Carmelo Ferlito, Centre for Market Education CEO and a faculty member at Indonesia’s Universitas Prasetiya Mulya said the household debt-to-GDP ratio is just an indicator. “So, if GDP grows faster than debt, then the ratio will ease.

“But this does not mean that people are less in debt. I believe the government should add two perspectives: education, to help people make responsible financial decisions, and promoting business consolidation in order to create more opportunities for social mobility.

“As the economy progresses through cyclical fluctuations, a high level of debt puts people at risk in the ecent of an economic downturn. High household debt is a sign of financial vulnerability and limited resilience in moments of struggle,” Ferlito said.

On a separate note, Afzanizam said household debt can be a necessity as big ticket items such as houses and vehicles may not allow the people to buy them on a cash term basis.

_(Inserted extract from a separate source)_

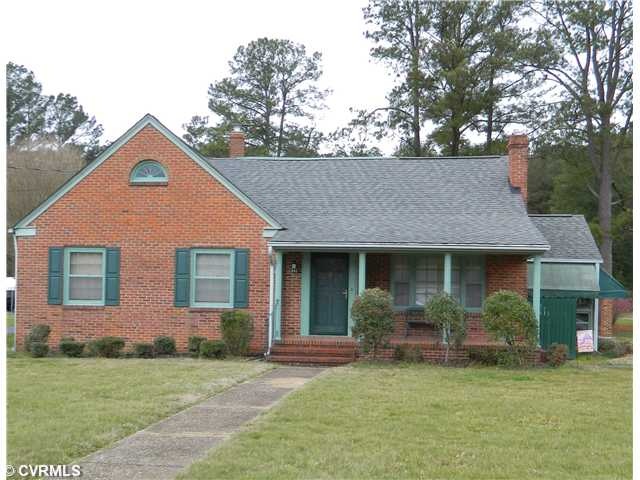 Exterior Front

He said it was about striking the right balance and being prudent in managing personal finances.

It could be associated with peer pressure and influence from social media, Afzanizam said, noting the psychological factor should not be underestimated.

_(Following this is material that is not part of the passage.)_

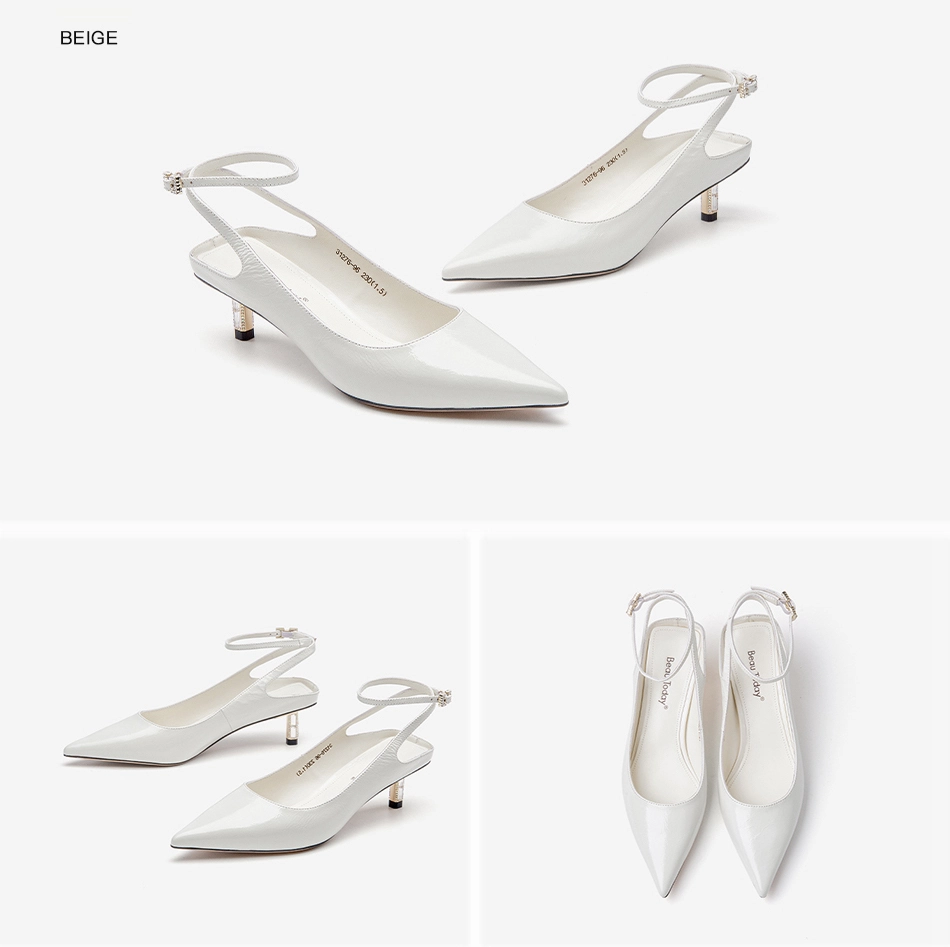 USS Shoes Cristel Women's Summer Pointed Toe Sandals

To ensure the household debt levels improve, MARC Ratings stated while the financial system is resilient, promoting savings over borrowings can help curb excess credit creation and increase the capital base for future investments.

Key measures include financial literacy campaigns, stricter lending guidelines and incentives for long-term savings to reduce reliance on debt to maintain living standards.

“Over the long term, policies aimed at promoting wage growth are already in progress, a necessary measure to keep pace with the rising levels of debt.

“Short term measures should focus on behavioural interventions to help individuals manage spending, set savings goals and access affordable financial planning services.“Bank Negara will continue its enhancement of macro prudential policies and monitoring of interest rate levels to ensure higher household debt is manageable,” MARC said.

OCBC’s Venkateswaran said to ensure that the household debt-to-GDP ratio improves, income growth should outpace debt accumulation. Income growth would be supported by a strong economy and higher wages, she said.

“The pace of debt accumulation has, however, increased in recent quarters to also reflect the strong economic growth but remains manageable.

“More fundamentally, provided debt servicing and the intention of debt accumulation remained sound, the risks associated with elevated household debt levels are likely to stay contained,” she said.